▶ [Assignment]:
Output, exactly as written, the lines below from the one that has "2 Wood Green Avenue" through the one that has "A pic from exterior"; nothing else, and no pictures.

▶ [Source information]:

☆ ☆ ☆ ☆ ☆

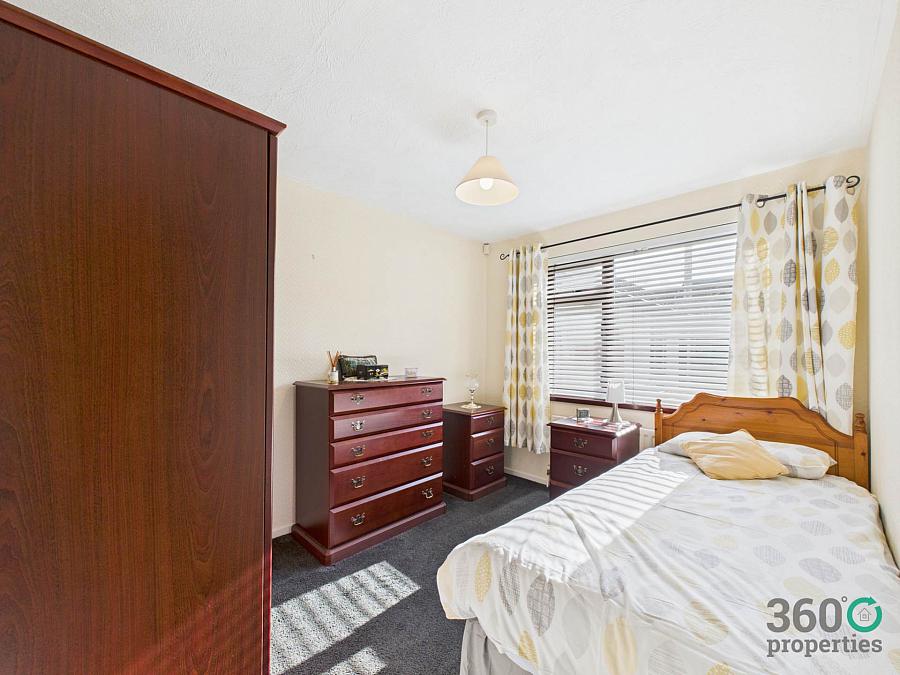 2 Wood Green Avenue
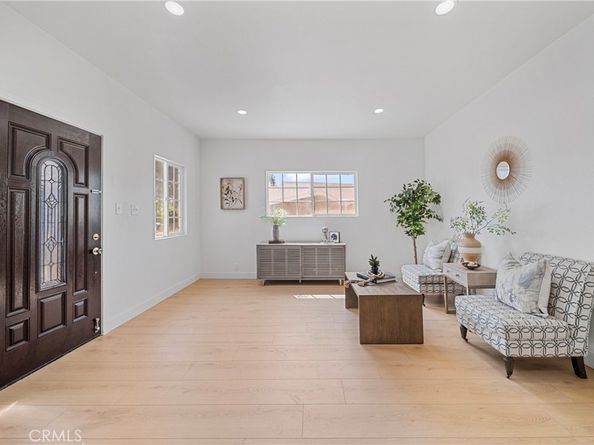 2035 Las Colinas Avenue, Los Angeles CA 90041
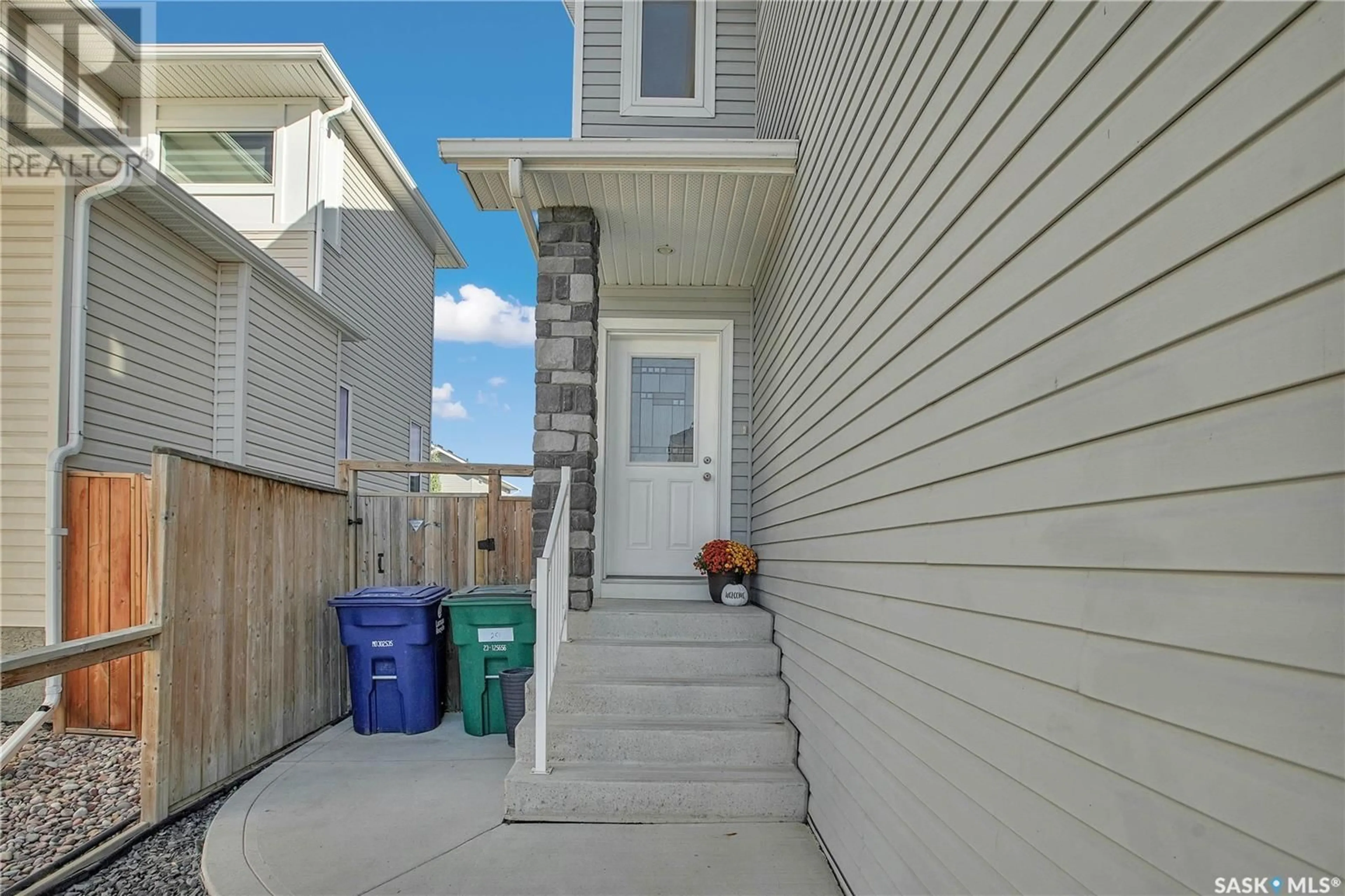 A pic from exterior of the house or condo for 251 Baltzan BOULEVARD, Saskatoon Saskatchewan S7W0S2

☆ ☆ ☆ ☆ ☆

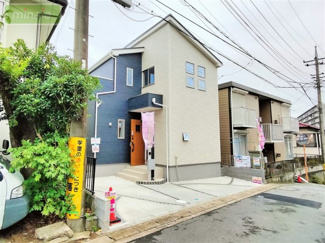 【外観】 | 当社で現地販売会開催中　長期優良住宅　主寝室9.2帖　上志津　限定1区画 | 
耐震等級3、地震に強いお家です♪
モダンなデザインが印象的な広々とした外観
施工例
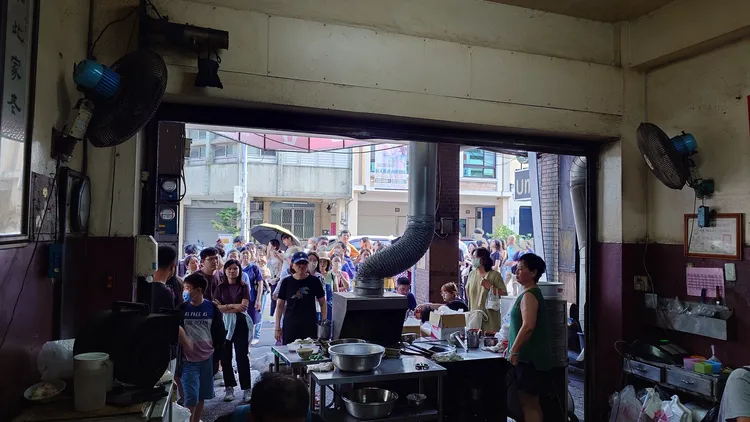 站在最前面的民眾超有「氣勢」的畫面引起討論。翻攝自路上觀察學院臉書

☆ ☆ ☆ ☆ ☆

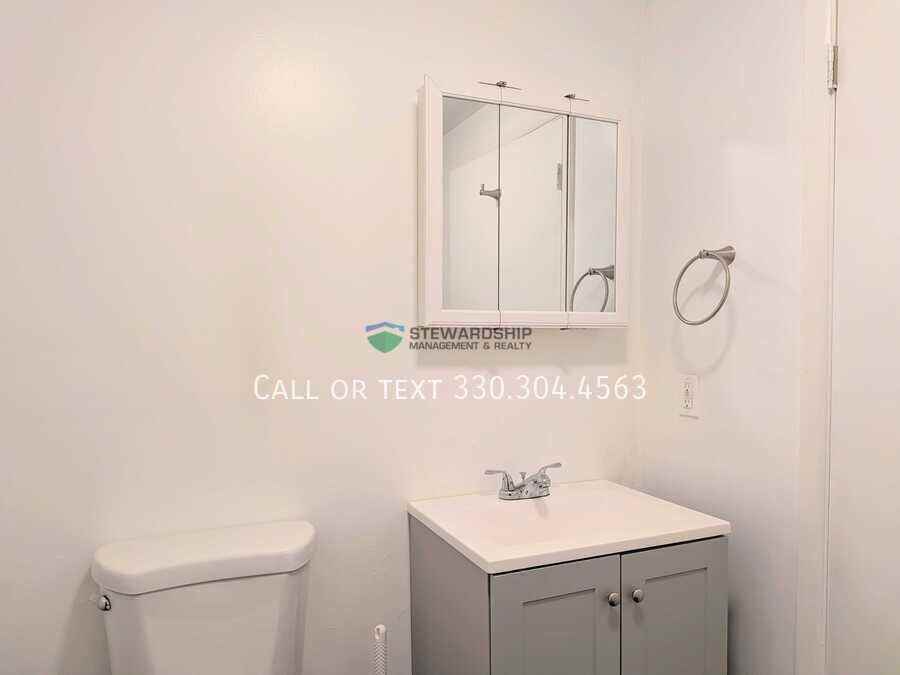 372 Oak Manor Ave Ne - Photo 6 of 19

☆ ☆ ☆ ☆ ☆

▶ [Answer section]:
 2 Wood Green Avenue
 2035 Las Colinas Avenue, Los Angeles CA 90041
 A pic from exterior of the house or condo for 251 Baltzan BOULEVARD, Saskatoon Saskatchewan S7W0S2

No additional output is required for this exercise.